The recent "phase shift" changes were partially reverted to avoid an unaccountable phase issue:

Some formatting was changed to adhere to Racket bracketing conventions:

Bind and Switch

Recently, we discovered that bindings assigned within a conditional form like switch were undefined downstream of the conditional. We considered this a blocker for release.

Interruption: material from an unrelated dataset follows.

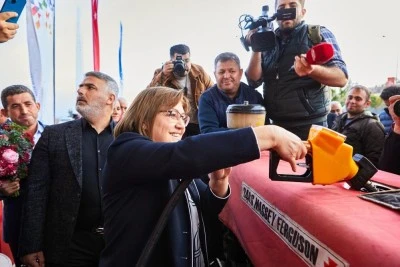 Gaziantep Büyükşehir’in mazot desteği başladı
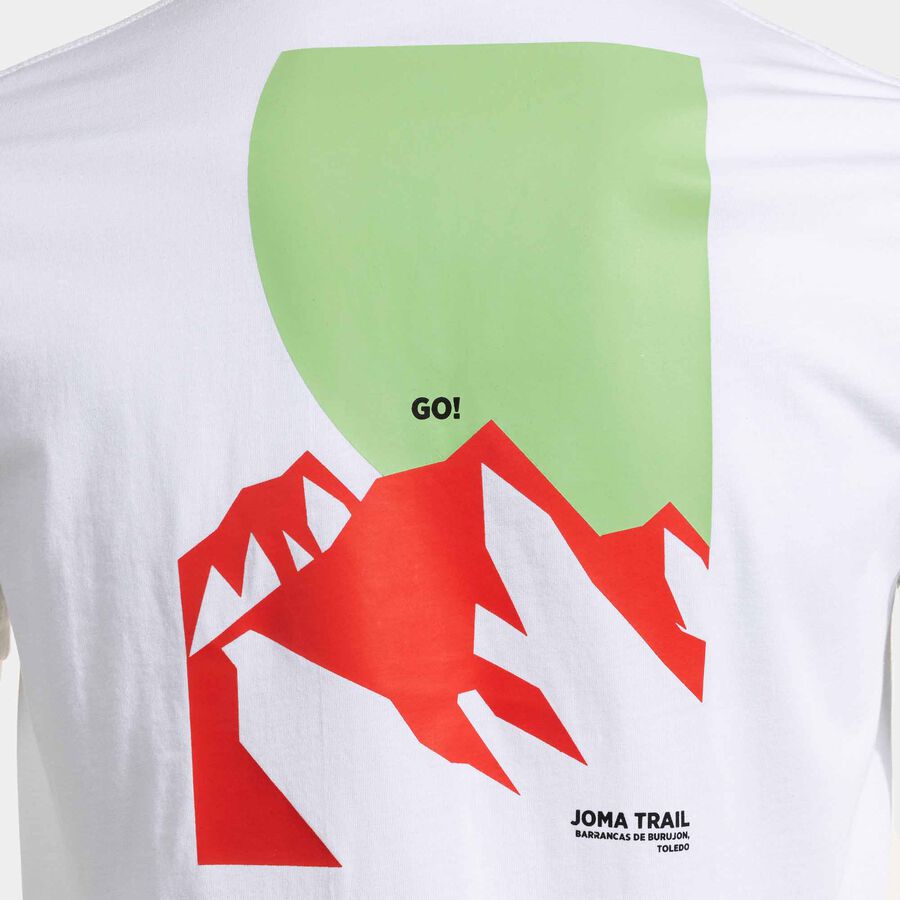 Camiseta manga corta hombre Chamaleon blanco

This time, we first considered what we would like the binding rules to be, and came up with one scheme.

Proposed Rules

Predicate binds consequent

(~> (3)
    (switch
      [(~> sqr add1 (ε (as v)
                       #t))
       (gen v)])) ; => 10

Consequent binds downstream

(~> (3)
    (switch [odd? (~> sqr (-< (as v)
                              add1) sub1)])
    (+ v 5)) ;=> (+ 9 v 5), or 23

Downstream reference must be bound in all consequent clauses

(~> (3)
    (switch
      [odd? (~> sqr add1 (as v))]
      [even? displayln])
    (+ v 5)) ; ERROR

Predicate does not bind downstream

(~> (3)
    (switch [(~> sqr add1 (ε (as v)
                             (> 10)))
             displayln])
    (+ v 5)) ; ERROR

Consequent shadows predicate

(~> (3)
    (switch [(~> sqr add1 (ε (as v)
                             #t))
             (~> (+ v 5) (as v))])
    (+ v 5)) ;=> 23

Implemented Rules

We discussed the above candidate binding specification and observed that some of the rules have DAG structure rather than tree structure. That is, they encode scoping rules that cannot be expressed as nested (e.g. let) scopes. This is not supported either by Racket itself or by Syntax Spec. For instance, in an analogous if expression in Racket, we would not expect a variable bound in one clause (e.g. via let) to be available outside the if expression. Additionally, the third rule above ("variable must be bound in every consequent clause") requires some nonlocal processing to be performed on the entire conditional form in order to determine whether the scoping rule is valid or if there is a syntax error, and it cannot be inferred purely from the use of the binding form. Such nonlocal processing is not currently supported in Syntax Spec. Finally, we also considered in what circumstances we might actually make use of or expect to have this kind of binding. We concluded that such cases are awkward at best, and generally indicative of poor design, and it would therefore be best to not support them in any case. So we settled on the following subset of rules:

  1. Predicate binds consequent.
  2. Later predicates shadow earlier ones.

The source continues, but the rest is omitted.